I used Playing with God in my “Religion and Sports” course, and can attest that it works quite well in the classroom. As the weeks went by, though, it became clear that, as with any book of this nature, it is as much about the historiography of religion and sports as it is about Baker’s individual contribution to the discussion. Thus, I discovered that the historical account of religion and sports revolves around muscular Christianity, its rise to prominence, widespread influence, and lasting mark.

To be sure, Baker makes proper mention of Catholics, Jews, Muslims, Buddhists, and Native Americans. But these groups seem always to be set against a muscular Christian backdrop. In the chapter "Teammates and Soul Mates," for example, Baker makes use of Julie Byrne's O God of Players and NBA coach Phil Jackson's Sacred Hoops. But the chapter concludes with a look at the current crop of Christian athletes who, Baker suggests, pay more attention to displaying their faith than living it. The author elaborates in the conclusion, lamenting that sports “has lost the moral compass that for more than a century taught Americans to honor boundaries, play by the rules, and work together for a common good.” Such was the basic agenda of muscular Christians that Baker believes contemporary athletes would do well to re-discover.

Baker's point is well taken. But the book's content makes me wonder about “everybody else” who lived in the muscular Christian era. I’ll offer one example. In 1908, pugilist Jack Johnson knocked out Tommy Burns to become the first black heavyweight champion. Brash, controversial, creative, and immeasurably talented, Johnson was also a self-described churchman and member of the Methodist Church. In 1910, after his mother died, Johnson praised her memory from the pulpits of black churches throughout America, imploring audiences to cherish the guidance of their own mothers. Despite his moral indiscretions (he drank, smoked, frequented brothels, etc.), Johnson might very well have been an influential Christian athlete for American blacks, much like Amos Alonzo Stagg was for whites.

But Johnson’s religious history, along with many others like his, awaits attention.


Mike Pasquier said…
Great post, Art!
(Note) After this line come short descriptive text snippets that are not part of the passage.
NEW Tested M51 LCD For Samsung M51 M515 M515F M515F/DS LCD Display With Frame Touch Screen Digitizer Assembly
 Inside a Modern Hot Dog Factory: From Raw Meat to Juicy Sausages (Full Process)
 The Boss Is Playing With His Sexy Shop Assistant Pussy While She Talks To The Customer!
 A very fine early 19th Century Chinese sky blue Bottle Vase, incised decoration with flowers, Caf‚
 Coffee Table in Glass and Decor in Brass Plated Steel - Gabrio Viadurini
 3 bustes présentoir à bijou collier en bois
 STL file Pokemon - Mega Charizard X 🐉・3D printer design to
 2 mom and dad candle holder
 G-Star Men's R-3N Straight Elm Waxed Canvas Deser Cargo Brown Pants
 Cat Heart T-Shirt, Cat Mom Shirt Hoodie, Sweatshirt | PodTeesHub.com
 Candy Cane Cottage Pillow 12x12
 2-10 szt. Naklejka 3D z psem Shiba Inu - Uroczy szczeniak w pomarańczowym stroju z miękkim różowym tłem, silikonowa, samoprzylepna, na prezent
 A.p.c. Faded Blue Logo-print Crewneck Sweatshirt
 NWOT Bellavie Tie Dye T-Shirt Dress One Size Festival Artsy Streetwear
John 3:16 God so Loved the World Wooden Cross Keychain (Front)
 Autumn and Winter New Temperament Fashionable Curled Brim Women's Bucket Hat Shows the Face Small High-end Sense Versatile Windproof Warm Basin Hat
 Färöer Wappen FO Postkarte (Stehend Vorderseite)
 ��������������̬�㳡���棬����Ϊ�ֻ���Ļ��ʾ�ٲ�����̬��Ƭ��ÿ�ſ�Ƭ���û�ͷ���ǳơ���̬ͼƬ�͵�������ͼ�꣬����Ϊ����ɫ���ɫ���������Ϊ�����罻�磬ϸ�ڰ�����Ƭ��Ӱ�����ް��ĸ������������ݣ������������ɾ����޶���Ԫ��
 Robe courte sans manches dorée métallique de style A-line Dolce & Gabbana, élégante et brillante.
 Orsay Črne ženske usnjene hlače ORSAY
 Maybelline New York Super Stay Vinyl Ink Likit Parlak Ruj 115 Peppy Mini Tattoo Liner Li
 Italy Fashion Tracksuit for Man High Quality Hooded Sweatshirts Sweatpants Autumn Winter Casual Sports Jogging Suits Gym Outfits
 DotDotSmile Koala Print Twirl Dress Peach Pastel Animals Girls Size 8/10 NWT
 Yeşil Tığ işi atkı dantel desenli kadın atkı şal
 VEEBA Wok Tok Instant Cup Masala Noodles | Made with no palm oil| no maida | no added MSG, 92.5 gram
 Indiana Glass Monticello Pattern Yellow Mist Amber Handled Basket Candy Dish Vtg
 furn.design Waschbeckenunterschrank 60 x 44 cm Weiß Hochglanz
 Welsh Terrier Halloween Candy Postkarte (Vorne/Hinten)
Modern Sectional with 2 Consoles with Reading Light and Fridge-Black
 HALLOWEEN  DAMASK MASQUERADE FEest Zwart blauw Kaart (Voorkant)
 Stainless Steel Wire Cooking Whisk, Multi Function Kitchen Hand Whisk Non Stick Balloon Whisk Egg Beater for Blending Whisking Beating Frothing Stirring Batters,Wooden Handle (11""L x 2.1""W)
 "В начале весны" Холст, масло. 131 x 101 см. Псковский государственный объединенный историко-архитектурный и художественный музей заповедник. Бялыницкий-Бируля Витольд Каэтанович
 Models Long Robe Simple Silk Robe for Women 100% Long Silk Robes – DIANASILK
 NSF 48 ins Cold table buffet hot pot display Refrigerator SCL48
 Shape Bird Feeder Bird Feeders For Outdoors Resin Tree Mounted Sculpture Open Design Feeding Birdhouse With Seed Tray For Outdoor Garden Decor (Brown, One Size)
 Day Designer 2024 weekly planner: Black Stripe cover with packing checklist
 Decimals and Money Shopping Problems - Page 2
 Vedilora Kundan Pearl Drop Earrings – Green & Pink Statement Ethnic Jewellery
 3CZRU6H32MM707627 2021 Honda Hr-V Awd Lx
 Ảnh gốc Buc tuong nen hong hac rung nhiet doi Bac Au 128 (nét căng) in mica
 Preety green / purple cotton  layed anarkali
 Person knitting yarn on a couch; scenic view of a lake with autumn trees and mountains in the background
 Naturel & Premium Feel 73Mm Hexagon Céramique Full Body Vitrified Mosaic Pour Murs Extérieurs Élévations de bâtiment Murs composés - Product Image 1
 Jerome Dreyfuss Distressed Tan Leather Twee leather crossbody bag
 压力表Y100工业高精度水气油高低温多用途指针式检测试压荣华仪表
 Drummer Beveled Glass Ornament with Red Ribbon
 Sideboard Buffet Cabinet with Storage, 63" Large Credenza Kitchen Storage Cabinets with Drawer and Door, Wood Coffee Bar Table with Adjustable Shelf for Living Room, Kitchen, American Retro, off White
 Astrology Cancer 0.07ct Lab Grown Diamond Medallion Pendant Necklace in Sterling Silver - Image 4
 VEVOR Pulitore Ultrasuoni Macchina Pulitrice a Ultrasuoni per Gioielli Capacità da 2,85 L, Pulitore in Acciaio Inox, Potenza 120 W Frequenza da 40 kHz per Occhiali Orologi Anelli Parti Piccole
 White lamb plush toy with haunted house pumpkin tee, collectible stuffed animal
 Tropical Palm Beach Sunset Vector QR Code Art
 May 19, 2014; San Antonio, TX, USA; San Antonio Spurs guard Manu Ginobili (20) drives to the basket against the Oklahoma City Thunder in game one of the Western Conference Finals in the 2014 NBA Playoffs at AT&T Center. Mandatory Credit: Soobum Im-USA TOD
Correct me if I'm wrong (and I probably am), but it seems we sometimes use the term "muscular" in a way that doesn't suit descriptions of sport as it relates to non-Protestant groups. If by "muscular" we mean hyper-masculine, aggressive, energetic, religiously oriented activity, then perhaps it's also the case that Rocky Marciano (Catholic) and Max Baer (Jewish) fit this description. Hell, even Phil Jackson called himself a "hardwood warrior." Maybe it's something about sport that makes religion muscular, and less the other way around. Or maybe a difference between muscular (Protestant) Christianity and other forms of muscular religion is the evangelistic, moralizing qualities associated with the Protestant persuasion. But then again, when Max Baer wore a Star of David on his trunks in his fight against Max Schmeling, I have a suspicion there may have been some moralizing and evangelizing going on.
deg said…
Mike raises a great point, and I've got some questions to piggyback on his. Maybe you can help me out with this because I honestly don't know that much about this topic (I'll put Baker at the top of my free-time reading list to be proactive on this as well).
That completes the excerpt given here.